Vandaveer ou de l’art du troubadour folk en guenilles revisité. Laissez-vous cueillir par ce petit disque de rien du tout.


C’est un peu par hasard (dépit ?) que l’on jeta notre oreille sur ce disque. Il faut dire qu’il a longuement occupé l’étagère près du lit, coincé entre le catalogue d’un magasin de meubles suédois et la taxe d’habitation, disque oublié de s’être présenté à nous avec trop de modestie. Et un jour de désoeuvrement, la sempiternelle séance de rangement hebdomadaire nous fit remettre la main dessus. La curiosité a fait le reste. Et c’est précisément lorsqu’on n’attend strictement rien d’un album que l’on goûte avec délices ses saveurs juteuses quand il en regorge. Grace & Speed est ce disque parfait, et Vandaveer, aka Mark Charles, notre nouvel ami.

Les premières secondes de “However Many Takes It Takes” sont principalement responsables de ce frisson ininterrompu avec sa guitare aérienne et cette voix d’emblée si familière, chaleureuse et habitée. Vandaveer oscille dans la grande marmite folk, pratiquant d’incessants allers-retours entre son fond grumeleux et sa surface bouillonnante. L’oreille désormais accrochée, inutile de résister au pas de danse languide de “Marianne, You’ve Done It Now” qui n’est pas sans évoquer la “Suzanne” de Leonard Cohen, en plus ingénue peut-être derrière sa clarinette fureteuse. Puis, la chanson-titre nous crucifie avec son refrain ânonné immédiatement imprimé dans notre matière grise, ses harmonies vocales comme autant de bulles d’air qui éclateraient au dessus de nos têtes. Un bol de miel. Cela ne fait déjà plus de doute, Mark Charles est un sacré numéro.

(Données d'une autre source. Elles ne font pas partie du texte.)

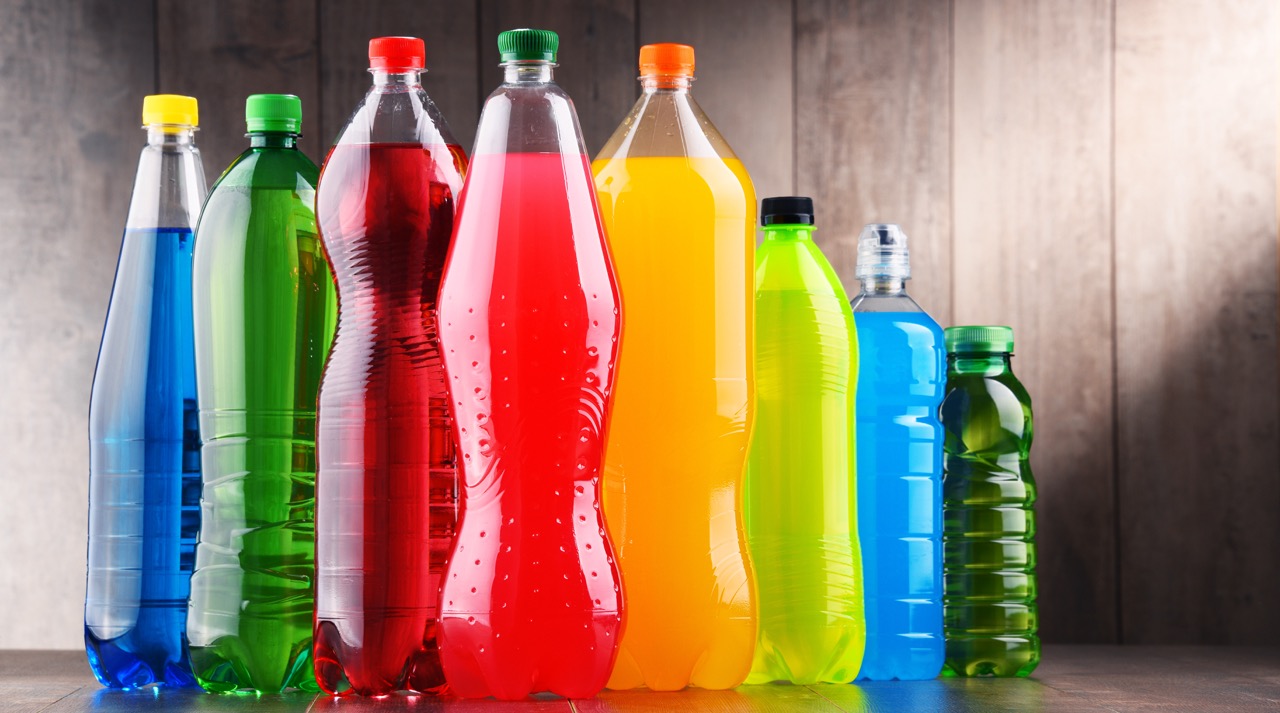 Plastic bottles filled with colorful beverages.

Mélodies en bandoulière, six-cordes offerte à la nuit, rocking-chair en pleine action, le résidant de Washington chante pour les lucioles et les chauve-souris, et nous convie à écouter la rosée tomber. On entend Nick Drake sourire où qu’il soit, Elliott Smith soupirer d’aise en balançant une petite tape amicale sur l’épaule de Townes Van Zandt. Tantôt roublard, tantôt fragile, souvent malicieux, Mark Charles navigue à vue sans souci de l’instant d’après, sautillant d’une valse de poche à une ballade juste mélancolique mais jamais triste, laissant de temps en temps un bout de batterie salir son bonnet, ou quelques choeurs rencontrés par hasard lui mordiller les mollets.

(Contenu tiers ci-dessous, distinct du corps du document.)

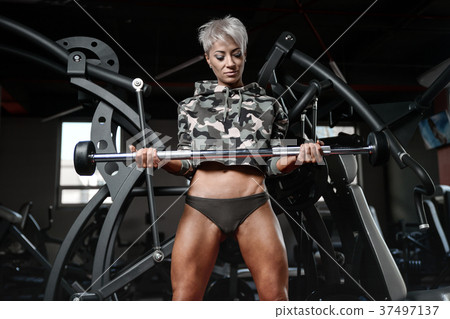 blonde sexy athletic young girl working out in gym.. blonde sexy athletic young girl working out in gym.. 37497137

On se laisse prendre par la main sur ces sentes buissonnières, laissant découvrir à l’orée d’une forêt une échelle à corde menant droit à la lune, avec ce Pierrot attachant comme guide. Se contentant de peu, Vandaveer irradie notre vie de ses accords en poussière d’étoile (vous savez, celle qui fait voler) et nous guide vers un monde qu’aucune éclaboussure ne vient entacher. Il ne faut pas refuser le bonheur quand il se présente, c’est ce que l’on apprend à nos enfants. Alors commençons déjà à nous appliquer cette règle béate, surtout que Vandaveer nous en montre le chemin. Et de nous remettre au ménage de manière plus assidue, des fois que l’on retomberait sur d’autres bibelots aussi charmants.